Классическим понятием компетенции предполагается, что мы можем строгим образом отделить знание (в его действии или его полагают) от того события, которое мы трактуем, и в особенности - от двусмысленности письменных и устных меток: назовем их граммофониями. Компетенция предполагает, что возможен какой-то метадискурс, нейтральный и однозначный по отношению к той или иной области объективной реальности, неважно, имеет ли она или нет структуру текста. Исполнения, регулируемые этой компетецией, в принципе должны поддаваться ничего не упускающему переводу на предмет какого-то корпуса, который сам по себе переводим. По своей сути, они в особенности не должны быть нарративного типа. В университете в принципе не рассказывают никаких историй; над историей работают, рассказывают, чтобы узнать и объяснить; в университете говорят на предмет наррации или эпических поэм, но события и истории не должны производиться тут под именем институализированного знания. А благодаря событию, подписанному Джойсом, некая double bind стала по крайней мере эксплицитной (ведь она держит нас уже начиная с Вавилона и Гомера и всего, что за этим последовало): с одной стороны, мы обязаны писать, подписываться, вызывать к жизни какие-то новые события с непереводимыми метками - и это отчаянный зов, тоска подписи, просящей да у другого, умоляющее требование росписи; но с другой стороны, неповторимая новизна всякого да, всякой другой подписи, оказывается уже запрограммофонированной внутри джойсовского корпуса.

Эффекты, порождаемые вызовом этой double bind, я замечаю не только на себе самом - в моем устрашенном желании, говорящем мне, что я, наверное, должен был бы войти в семейство представителей Джойса, в котором я всегда был бы лишь незаконорожденным; я замечаю их и у вас.

С одной стороны, вы обладаете законной уверенностью в том, что владеете или находитесь в процессе построения некоей сверхкомпетенции, соразмерной корпусу, виртуально охватывающему все корпуса, с которыми имеет дело университет (науки, техники, религии, философии, литературы и - одинаковой протяженности со всем этим - языки).
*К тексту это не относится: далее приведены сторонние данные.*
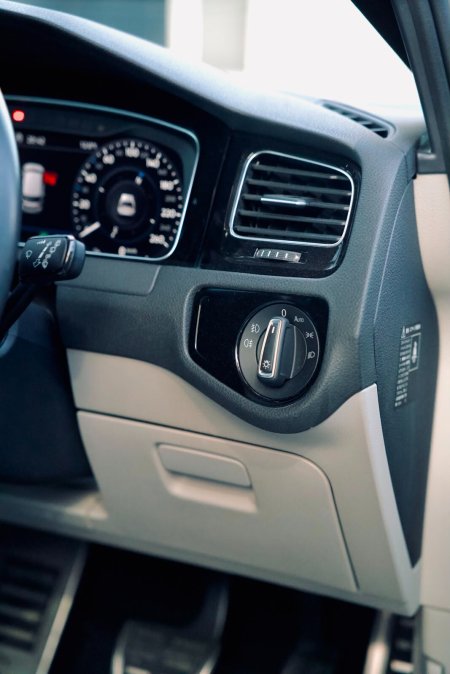 2019 Volkswagen Golf - photo 16
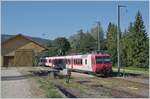 Einer der beiden TRAVYS RBDe 560 Domino Züge erreicht auf seiner Fahrt von Vallobe nach Le Brassus den Bahnhof von Le Pont. 

21. Juli 2021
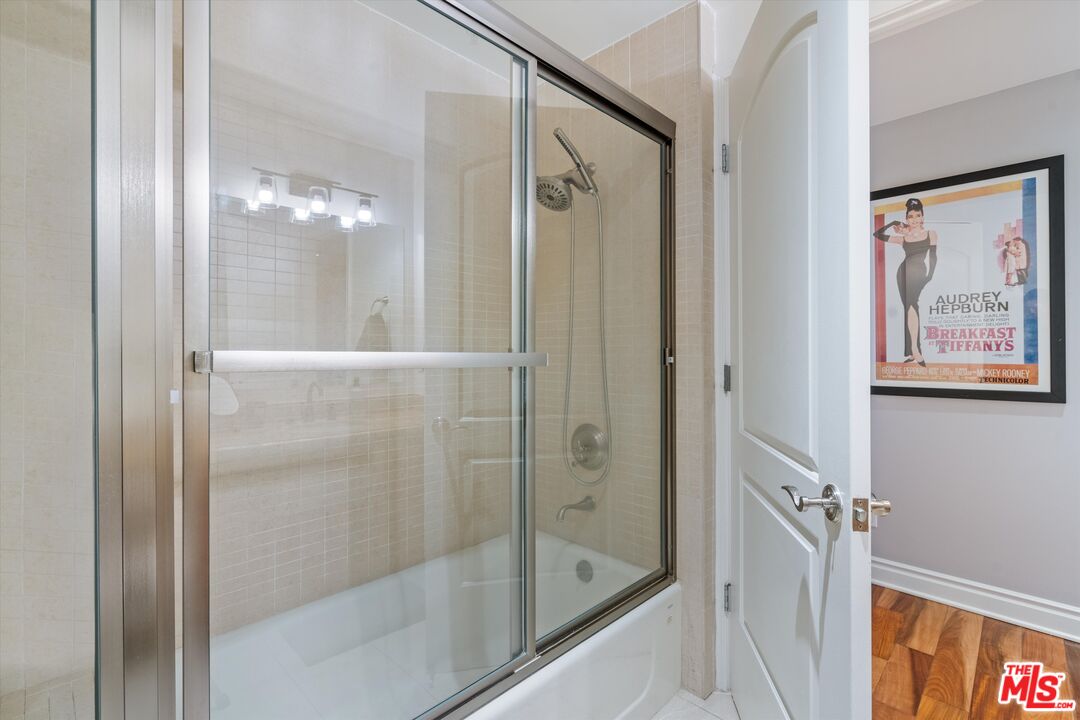 1444 S Point View St Unit: 202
В отношении такой гиперболической компетенции нет ничего запредельного. Все оказывается внутренним, ментальной телефонией; все может быть интегрировано в домашние стены этой программотелефонной энциклопедии.

Но с другой стороны, в то же самое время надлежит знать, и вы это знаете, что занимающие вас подпись и да способны -таково их предназначение - уничтожить самый корень этой компетенции, этой легитимности, ее домашней внутренности, способны деконструировать университетский институт с его внутренними или межфакультетскими перегородками, равно как и его контрактом с внеуниверситетским миром.

Отсюда та смесь уверенности и подавленности, которую можно почувствовать у "Joyce scholars". С одной стороны, они знают, подобно Джойсу и будучи столь же искушены как Улисс, что они знают еще больше, что у них всегда найдется еще один фокус, отложенный про запас; идет ли речь о тотализующем резюмировании или о субатомной микрологии (то, что я называю "делимостью письма или буквы"), никто не может сделать ничего лучшего: все может быть интегрировано в "это тело мое" данного корпуса. Но с другой стороны, эта гипермнeзнчecкaя интериоризация никогда не может замкнуться на себе самой. По причинам, имеющим отношение к структуре корпуса, проекта и подписи, не может быть никакой уверенности относительно какого-либо принципа истины или легитимности. Поскольку вы уверены в том, что ничто не может застать вас врасплох изнутри, вы чувствуете также и то, что в конечном счете нечто непредвиденное может нагрянуть извне.

И вы ждете гостей.

Примечания

1 Трактовка этого вопроса, по-видимому, серьезно сверхопределена ирландской идиомой, безмолвно и исподволь нависающей над всем текстом. Ирландский язык также, на свой манер, избегает да и нет в их прямой форме. На вопрос "ты болен?" ирландец не отвечает да или нет, но говорит "болен" или "не болен". "Он был болен?" - "Он был" или "он не был" и т.д. Несомненно, от этого процесса недалеко отстоит тот способ, благодаря которому hoc сумело принять смысл да. Oil (hoc illud) и ос служили для обозначения языков по тому способу, каким в них говорилось да. Итальянский называли даже иногда языком si. Да, имя языка. (Все примечания автора)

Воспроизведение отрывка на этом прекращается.